ブログ閉鎖中の話題(2017年2月24日)
最近のことだが、「ずっしり、あんこ」という妙な本を読んだ。
本の内容だが、最初から最後まで有名人の「あんこ」に関するエッセイが書かれている。その数、39人で一番目は芥川龍之介である。
当然であるが、グルメの作家「池波正太郎」も神田「竹村」の「栗ぜんざい」の話を書いている。

「ずっしり、あんこ」★★★
(今回の写真は中央区の老舗和菓子の名店の中から、私の好きな9店を選んだ)
なぜ私が図書館でこんな本を借りたかというと、私は「あんこ」が大好きなのである。落語の演目に「饅頭怖い」というのがあるが、私の場合は「あんこ怖い」である。「餡(あん)」に付いてはいつも不思議に思っていることがある。
それは関東と関西で同じものなのに、呼び方が違うのである。「汁粉」と「ぜんざい」である。

最中の「空也」(銀座)
この本にも登場するが、関東では汁があると「おしるこ」で、粒あんを使っているのは「田舎汁粉」とか「小倉汁粉」で、こし餡を使っているのは「御膳汁粉」である。汁気が無ければ「ぜんざい」となる。
ところが関西では汁気がある粒あんのものを「ぜんざい」と呼び、こし餡で汁気があるのを「おしるこ」と呼ぶからややこしい。

どら焼き「三笠山」の「文明堂」(日本橋)
以前に大阪の法善寺横丁で「ぜんざい」を注文した時に、「田舎汁粉」が出て来て驚いた。
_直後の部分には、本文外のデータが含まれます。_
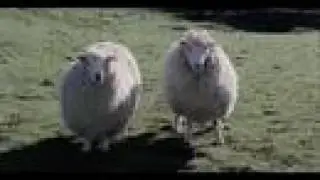 Black Sheep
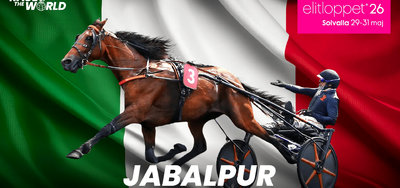 ELITLOPPET - Jabalpur blev den ottende hest i årets udgave af Elitloppet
まあ文化の違いとはそんなものだろう。
そもそも「ぜんざい」の発祥の地は出雲だそうで、10月に行われる「神在祭」で振る舞われた「神在餅(じんざいもち)」が出雲弁で訛って京都に伝えられて、それが「ぜんざい」となったのだそうだ。

「豆大福」の「塩瀬総本家」(明石町)
「ずっしり、あんこ」の本の話に戻る。
その中に安藤鶴夫が「たいやき」に付いていい話を書いている。
そのたいやき屋は四谷にある「わかば」である。
今では名店となり行列のできる店となったが、そのキッカケを作ったのが安藤鶴夫である。本によると、『たまたま通り掛かった冴えないたいやき屋で買って食べた「たいやき」が尻尾まであんこが入っていて感動した話』である。

「鹿の子」の「鹿乃子本舗」(銀座)
その店のオヤジに「尻尾まであんこが入っていて、偉い」と褒めたら、「店を始めて1年半になりますが、一生懸命に尻尾まであんこを入れていた甲斐があった」と喜ばれた。
その話を新聞に書いたことからこの店が知られるようになり、今の大繁盛となった。
その後、1個10円だったものを13円に値上げする時には、主人が紋付を着て挨拶に来たそうだ。この話を10ページにわたり書いてある。感動の物語だった。昭和29年頃の話である。

「人形焼き」の「板倉屋」(人形町)
東京には関西に負けず、和菓子の名店がある。
それもそのはずで、その多くが昔に関西からやって来たというルーツを持っている。
最近の私は小さめで甘さ控えめの和菓子が好きになったが、気を付けてみるとみんな以前より一回り小さくなっている。老舗というのは、いつも時代を先取りして努力しているから残っているのだろう。
でも、たまには思いっ切り健康に悪い「あんドーナツ」が食べたくなる。

「羊羹」の虎屋(日本橋)・・・(これはあまり好きじゃない。もっと安物の方が好みだ)
(おまけの話)
大げさに言えば、私の人生で欠かせない食べ物が和菓子「あんもの」である。
若い頃はケーキが好きだったが、年と共に和菓子が好きになって来た。
紅茶にケーキより、緑茶に和菓子の方が良くなった。

「団子」の「茂助だんご」(築地場内市場) 「だんご三兄弟」のモデルとなった店。
有名店はそれなりに美味しいが、町の片隅でジジババだけでやっている小さな店も捨て難い。羊羹と言えば「虎屋」だが、私はあれはくどくてあまり好まない。
好きなのは大福、桜餅、おはぎ、道明寺、団子、柏餅、鹿の子などの生菓子で、練り物はあまり好きではない。これらに共通しているのは「小豆の餡で日持ちしない」である。

「タイ焼き」の「柳家」(人形町)。
最近は「デフレで値段を上げられない」という事情からか、1個の大きさが小さくなった。今までなら1個で満足していたのに、2個食べなければ満足しない大きさになった。
それなら大きさは今まで通りで、値段を上げて欲しいと思うのは私だけだろうか?
ケーキは生クリームがいっぱいなので太ると思い、なるべく和菓子を食べている。でもダイエットしようと思い昼は蕎麦を食べているのに、その後に甘いものを食べたんじゃー。